Call tree - The functions really used by linux posix_fadvise

https://elixir.bootlin.com/linux/latest/source/mm/fadvise.c#L31

   /*
   * POSIX_FADV_WILLNEED could set PG_Referenced, and POSIX_FADV_NOREUSE could
   * deactivate the pages and clear PG_Referenced.
   */
   int generic_fadvise(struct file *file, loff_t offset, loff_t len, int advice)

https://elixir.bootlin.com/linux/latest/source/mm/internal.h#L126

   inline wrapper

https://elixir.bootlin.com/linux/latest/source/mm/readahead.c#L306

   /*
   * Chunk the readahead into 2 megabyte units, so that we don't pin too much
   * memory at once.
   */
   void force_page_cache_ra(struct readahead_control *ractl,
           unsigned long nr_to_read)

https://elixir.bootlin.com/linux/latest/source/mm/readahead.c#L281

   /*
   * do_page_cache_ra() actually reads a chunk of disk.  It allocates
   * the pages first, then submits them for I/O. This avoids the very bad
   * behaviour which would occur if page allocations are causing VM writeback.
   * We really don't want to intermingle reads and writes like that.
   */
   

https://elixir.bootlin.com/linux/latest/source/mm/readahead.c#L205

   /**
   * page_cache_ra_unbounded - Start unchecked readahead.
   * @ractl: Readahead control.
   * @nr_to_read: The number of pages to read.
   * @lookahead_size: Where to start the next readahead.
   *
   * This function is for filesystems to call when they want to start
   * readahead beyond a file's stated i_size.  This is almost certainly
   * not the function you want to call.  Use page_cache_async_readahead()
   * or page_cache_sync_readahead() instead.
   *
   * Context: File is referenced by caller.  Mutexes may be held by caller.
   * May sleep, but will not reenter filesystem to reclaim memory.
   */ 

some interesting comments in it, during preallocation:

   /*
    * Partway through the readahead operation, we will have added
     * locked pages to the page cache, but will not yet have submitted
     * them for I/O.  Adding another page may need to allocate memory,
     * which can trigger memory reclaim.  Telling the VM we're in
     * the middle of a filesystem operation will cause it to not
     * touch file-backed pages, preventing a deadlock.  Most (all?)
     * filesystems already specify __GFP_NOFS in their mapping's
     * gfp_mask, but let's be explicit here.
     */

https://elixir.bootlin.com/linux/latest/source/mm/readahead.c#L146

   static void read_pages(struct readahead_control *rac)

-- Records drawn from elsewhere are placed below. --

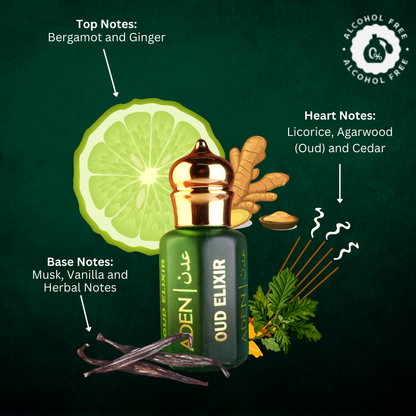 Oud Elixir | Woody Spicy Oud Attar Fragrance | 12ml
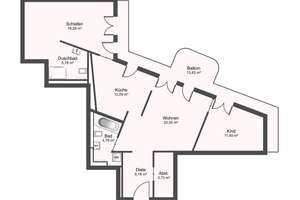 Einzigartige 3-Zimmer-Wohnung mit exklusiver Ausstattung in ruhiger Innenhoflage – Theresienstraße 71 E, 80333 Augustenstraße, München – Vorschaubild 13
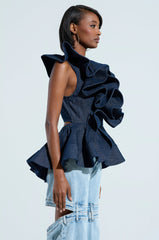 MISS FASHIONISTA SLEEVELESS BLOUSE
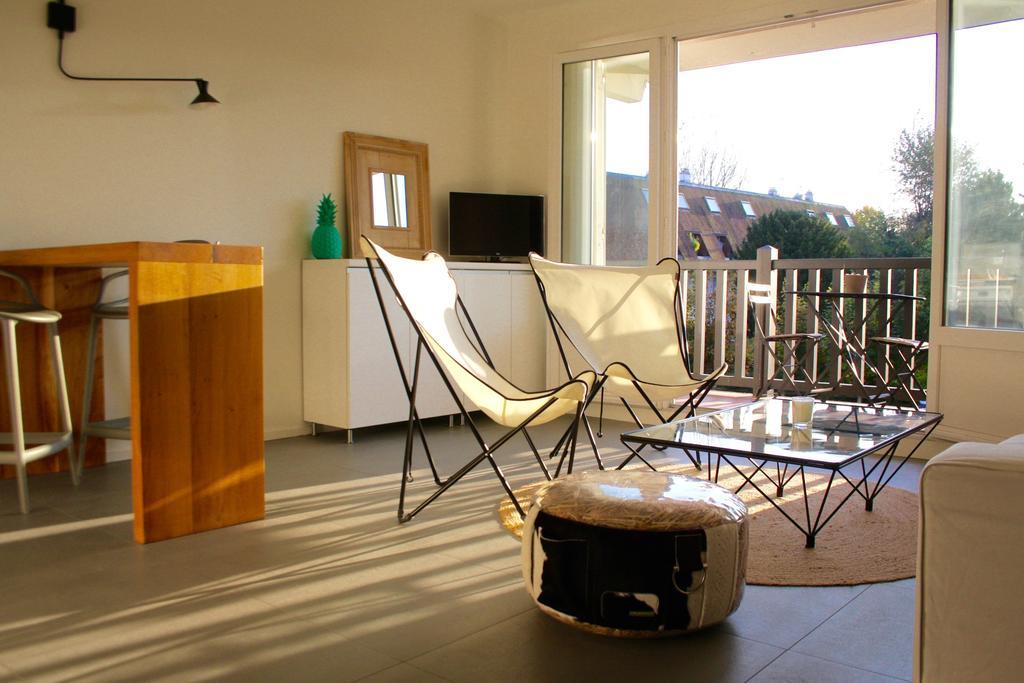 Appartement Le Clos de Sablier Tourgéville Habitación foto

Then it is filesystem specific.

EXT4

https://elixir.bootlin.com/linux/latest/source/fs/ext4/inode.c#L3124

   static int ext4_read_folio(struct file *file, struct folio *folio)

if not found in mem:

https://elixir.bootlin.com/linux/latest/source/fs/ext4/readpage.c#L211

   int ext4_mpage_readpages(struct inode *inode,
           struct readahead_control *rac, struct folio *folio)

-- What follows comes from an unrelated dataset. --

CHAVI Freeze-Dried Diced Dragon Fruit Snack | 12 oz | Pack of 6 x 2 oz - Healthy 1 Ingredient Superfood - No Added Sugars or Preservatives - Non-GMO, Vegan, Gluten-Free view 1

after lot of logic around sequential, hole, ...:

https://elixir.bootlin.com/linux/latest/source/block/blk-core.c#L833


   /**
    * submit_bio - submit a bio to the block device layer for I/O
    * @bio: The &struct bio which describes the I/O
    *
    * submit_bio() is used to submit I/O requests to block devices.  It is passed a
    * fully set up &struct bio that describes the I/O that needs to be done.  The
    * bio will be send to the device described by the bi_bdev field.
    *
    * The success/failure status of the request, along with notification of
    * completion, is delivered asynchronously through the ->bi_end_io() callback
    * in @bio.  The bio must NOT be touched by the caller until ->bi_end_io() has
    * been called.
    */

First thoughts

  • having a WILLNEED on a sequential pattern just competes with linux own ra.
  • if PG_readahead is set, linux will interpret that as a successful past readahead and may keep on doing more ra from this block when reading (it's mitigated by some hole detection apparently).
  • if PG_readahead is not set when reading, not checked how the ra logic will use that.
  • having a DONTNEED just after a read is apparently optimized in linux code.
  • setting RANDOM or SEQUENTIAL flag influence the linux default ra effectively. And is costless.